[PATCH] drm/amdgpu: add support to SMU debug option

Wed Dec 1 16:01:27 UTC 2021

On 2021-12-01 8:11 a.m., Christian König wrote:
> Adding Andrey as well.
>
> Am 01.12.21 um 12:37 schrieb Yu, Lang:
>> [SNIP]
>>>>>>>> + BUG_ON(unlikely(smu->smu_debug_mode) && res);
>>>>>>> BUG_ON() really crashes the kernel and is only allowed if we
>>>>>>> prevent further data corruption with that.
>>>>>>>
>>>>>>> Most of the time WARN_ON() is more appropriate, but I can't fully
>>>>>>> judge here since I don't know the SMU code well enough.
>>>>>> This is what SMU FW guys want. They want "user-visible (potentially
>>>>>> fatal)
>>>>> errors", then a hang.
>>>>>> They want to keep system state since the error occurred.
>>>>> Well that is rather problematic.
>>>>>
>>>>> First of all we need to really justify that, crashing the kernel is
>>>>> not something easily done.
>>>>>
>>>>> Then this isn't really effective here.

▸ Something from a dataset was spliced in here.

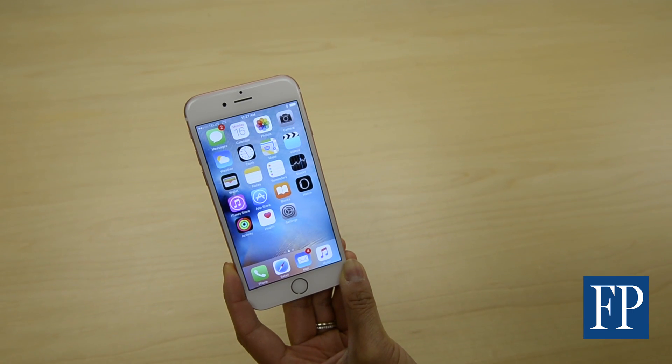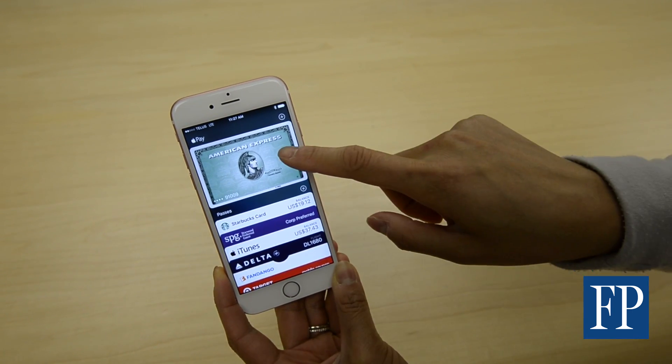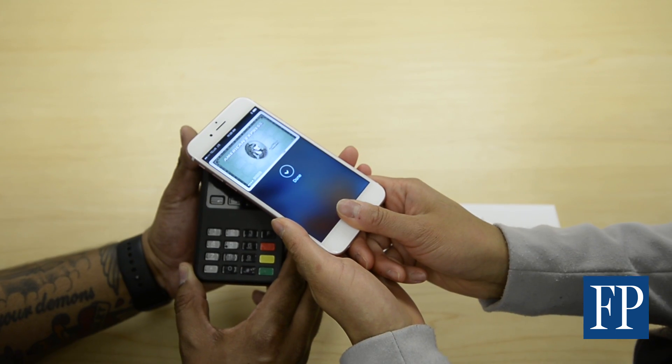Apple Pay is finally launching in Canada today with American Express. Here's what you need to know about it. All you have to do to use Apple Pay is hold up your phone or your Apple Watch in order to pay. Press Touch ID and your payment's done.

What happens is that you crash
>>>>> the kernel thread of the currently executing process, but it is
>>>>> perfectly possible that another thread still tries to send messages
>>>>> to the SMU. You need to have the BUG_ON() before dropping the lock to
>>>>> make sure that this really gets the driver stuck in the current 
>>>>> state.
>>>> Thanks. I got it. I just thought it is a kenel panic.
>>>> Could we use a panic() here?
>>> Potentially, but that might reboot the system automatically which is 
>>> probably not
>>> what you want either.
>>>
>>> How does the SMU firmware team gather the necessary information when a
>>> problem occurs?
>> As far as I know, they usually use a HDT to collect information.
>> And they request a hang when error occurred in ticket.
>> "Suggested error responses include pop-up windows (by x86 driver, if 
>> this is possible) or simply hanging after logging the error."
>
> In that case I suggest to set the "don't_touch_the_hardware_any_more" 
> procedure we also use in case of PCIe hotplug.
>
> Andrey has the details but essentially it stops the driver from 
> touching the hardware any more, signals all fences and unblocks 
> everything.
>
> It should then be trivial to inspect the hardware state and see what's 
> going on, but the system will keep stable at least for SSH access.
>
> Might be a good idea to have that mode for other fault cases like page 
> faults and hardware crashes.
>
> Regards,
> Christian.

There is no one specific function that does all of that, what I think 
can be done is to bring the device to kind of halt state where no one 
touches it - as following -

1) Follow amdpgu_pci_remove -

     drm_dev_unplug to make device inaccessible to user space (IOCTLs 
e.t.c.) and clears MMIO mappings to device and disallows remappings 
through page faults

     No need to call all of amdgpu_driver_unload_kms but, within it call 
amdgpu_irq_disable_all and amdgpu_fence_driver_hw_fini toi disable 
interrupts and force signall all HW fences.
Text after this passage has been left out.